我正在使用编码器-解码器架构构建一个 seq2seq 模型,为此我构建了一个
tf.data.Dataset
管道,该管道从目录中读取文本,使用它们进行向量化 tf.keras.layers.TextVectorization
并对其进行预处理以用于模型训练。我无法将我的 labels
格式化为 (None, seq_len, target_vocab_size)
形状。我尝试使用将 tf.utils.to_categorical
映射到标签,但它不适用于张量。奇怪的是,没有任何材料讨论过类似的问题。以下是我的实现:
BUFFER_SIZE = len(articles)
BATCH_SIZE = 64
train_raw = (tf.data.Dataset
.from_tensor_slices((articles[is_train], summaries[is_train]))
.shuffle(BUFFER_SIZE)
.batch(BATCH_SIZE))
val_raw = (tf.data.Dataset
.from_tensor_slices((articles[~is_train], summaries[~is_train]))
.shuffle(BUFFER_SIZE)
.batch(BATCH_SIZE))
context_vectorizer = tf.keras.layers.TextVectorization(
standardize = tf_lower_and_split_punct,
max_tokens = MAX_VOCAB_SIZE,
ragged=True)
target_vectorizer = tf.keras.layers.TextVectorization(
standardize=tf_lower_and_split_punct,
max_tokens=MAX_VOCAB_SIZE,
ragged=True)
context_vectorizer.adapt(train_raw.map(lambda context, target: context))
target_vectorizer.adapt(train_raw.map(lambda context, target: target))
def preprocess_text(context, target):
context = context_vectorizer(context).to_tensor()
target = target_vectorizer(target)
target_in = target[:,:-1].to_tensor()
target_out = target[:,1:].to_tensor()
# target_out = target[:,:-1]
return (context, target_in), target_out
train_ds = train_raw.map(preprocess_text, tf.data.AUTOTUNE)

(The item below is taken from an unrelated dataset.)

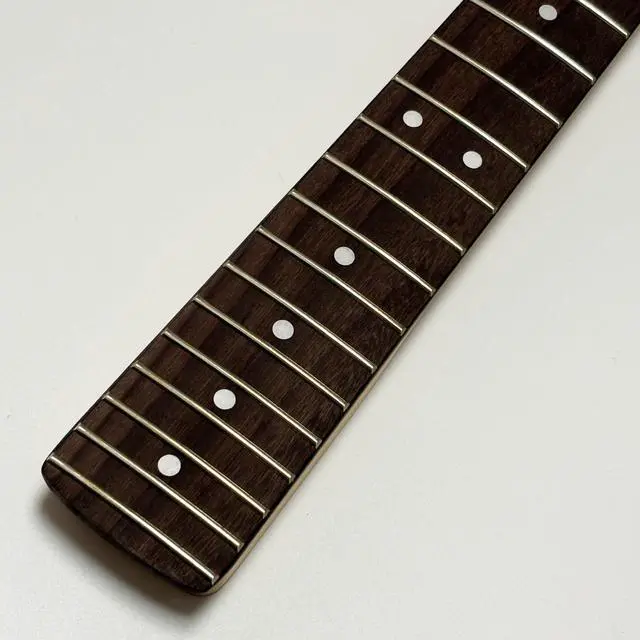 Alt view image 7 of 7 - Strat Guitar Neck 22 Frets, 25.5'' Maple Wood Modern C Shape ST Guitar Necks with Radius 9.5'' Rosewood Fretboard Medium Jumbo Fret for Stratocaster Guitar Parts Replacement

val_ds = val_raw.map(preprocess_text, tf.data.AUTOTUNE)
def encoder(hsize, embed_dim=200):
en_input_layer = Input(shape=(None,), name='encoder_input_layer', ragged=True)
en_embed = Embedding(context_vectorizer.vocabulary_size()+1, output_dim=embed_dim, name='encoder_embedding_layer')
en_embed_out = en_embed(en_input_layer)
en_gru_1 = GRU(hsize, return_sequences=True, return_state=True, name='encoder_gru_layer_1')
en_gru_1_out, en_gru_states = en_gru_1(en_embed_out)
return en_input_layer, en_gru_1_out, en_gru_states
def decoder(hsize, encoder_states, embed_dim=200):
de_input_layer = Input(shape=(None,), name='decoder_input_layer', ragged=True)
de_embed = Embedding(target_vectorizer.vocabulary_size()+1, output_dim=embed_dim, name='decode_embedding_layer')
de_embed_out = de_embed(de_input_layer)
de_gru_1 = GRU(hsize, return_sequences=True, name='decoder_gru_layer_1')
de_gru_1_out = de_gru_1(de_embed_out, initial_state=encoder_states)
de_dense = TimeDistributed(Dense(target_vectorizer.vocabulary_size(), activation='softmax'), name='time_distributed_output_layer')
de_preds = de_dense(de_gru_1_out)
return de_input_layer, de_preds
hsize = 256
def create_model(hsize):
en_input_layer, enc_out, enc_states = encoder(hsize)
de_input_layer, de_preds = decoder(hsize, enc_states)
model = Model(inputs=[en_input_layer, de_input_layer], outputs=de_preds)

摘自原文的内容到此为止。